Wax also claimed that the student-run University of Pennsylvania Law Review has a racial diversity mandate, suggesting students of color who write for the publication are subpar and undeserving.
When I graduated from Penn Law 15 years ago this year, I was president of the Black Law Students Association and part of a coalition of student activists who, concerned about problems of racial inclusion among students and faculty, formed the Penn Law Diversity Initiative. Fifteen years later, these issues around race have not disappeared.
Wax’s remarks have drawn criticism from students, alumni, and professors alike.
A petition signed by more than 800 alums in under a week urged Dean Ted Ruger to respond to Wax’s demeaning and disparaging lies and prohibit her from teaching first-year students and sitting on key committees.
In a thoughtfully written letter to the Penn Law community, Ruger refuted Wax’s claims. He also removed the professor from teaching first-year classes and said he will soon announce initiatives to encourage conversations on freedom of expression, diversity, and inclusivity.
Wrote Ruger:
“In light of Professor Wax’s statements, black students assigned to her class in their first week at Penn Law may reasonably wonder whether their professor has already come to a conclusion about their presence, performance, and potential for success in law school and thereafter. They may legitimately question whether the inaccurate and belittling statements she has made may adversely affect their learning environment and career prospects. These students may reasonably feel an additional and unwarranted burden to perform well, so that their performance not be used or misused by their professor in public discourse about racial inequality in academic success. More broadly, this dynamic may negatively affect the classroom experience for all students regardless of race or background.”
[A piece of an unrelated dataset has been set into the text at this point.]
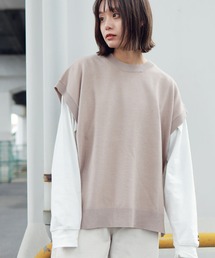 オーバーサイズ クルーネック サイドスリット ニットベスト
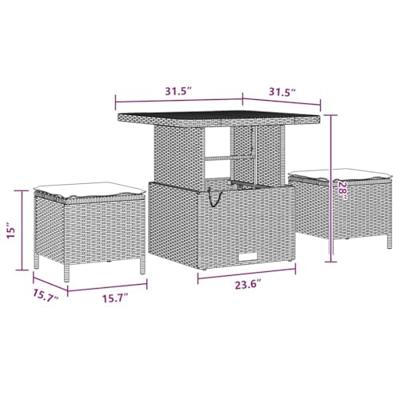 Tuinbankenset 9 pcs Zwart poly rattan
Being young, gifted, and black in America means navigating those in society who promote the narrative of your intellectual inferiority and root for your failure. You are bombarded daily with microaggressions and blatant assaults on your psyche, from those who wish ill upon you and will exert their power so that they may stop you in your tracks. For a first-grader or a first-year law student, this makes for a traumatic, triggering, and alienating experience.
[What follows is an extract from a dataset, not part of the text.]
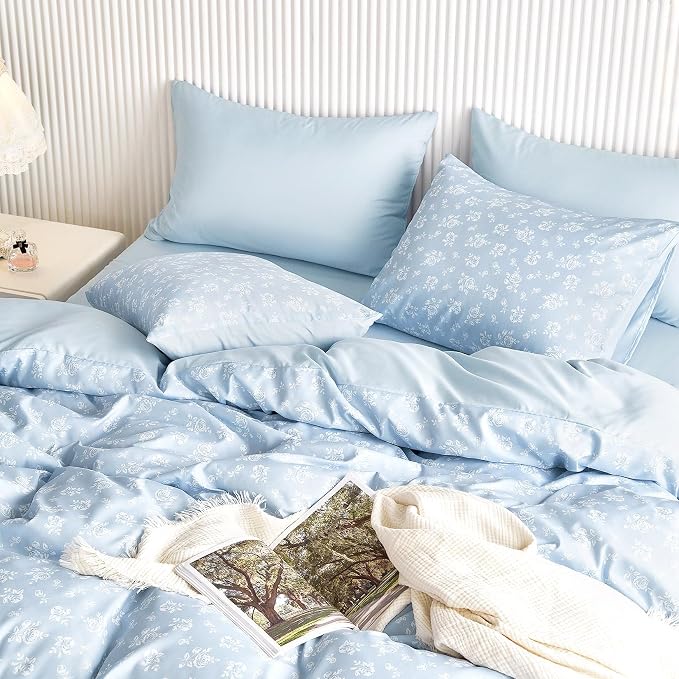 Wake In Cloud - Coquette Duvet Cover Set, Floral Cottagecore Flower Shabby Chic - Image 5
Whites make up over 80 percent of all lawyers, making law the least diverse profession in America. And it is even worse at the top: While lawyers of color are 16 percent of law firms, they are a mere 9 percent of law partners and 11 percent of general counsels at Fortune 500 corporations.
As of 2016, white men were 58 percent of state court judges — who try 90 percent of the cases in the U.S. — and 60 percent of federal court judges, with President Trump working in earnest to increase that number at the highest rate in decades. Further, 95 percent of elected prosecutors are white, and 83 percent are men.
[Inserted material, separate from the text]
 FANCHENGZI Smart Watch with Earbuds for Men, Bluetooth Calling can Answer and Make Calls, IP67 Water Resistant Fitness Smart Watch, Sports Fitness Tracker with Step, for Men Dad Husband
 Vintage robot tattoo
Law schools, which provide the pipeline for the attorneys and for law professors, have improved their enrollment of black and Latino students, though many prestigious schools need to do more.
Why is this important? America can never hope to have just laws and policies, or a system that brings equity and equality to everyone if the vast majority of judges, prosecutors, defense attorneys, and law professors are white.
We live at a time when activism matters, when people are taking a stand and demanding change — from #BlackLivesMatter and #MeToo to the striking teachers and the high school student walkouts against gun violence. While everyone is not committed to ensuring equality and opportunity for all and ending institutional racism, those who cannot tolerate things as they are must shout it to the rooftops and fight for justice.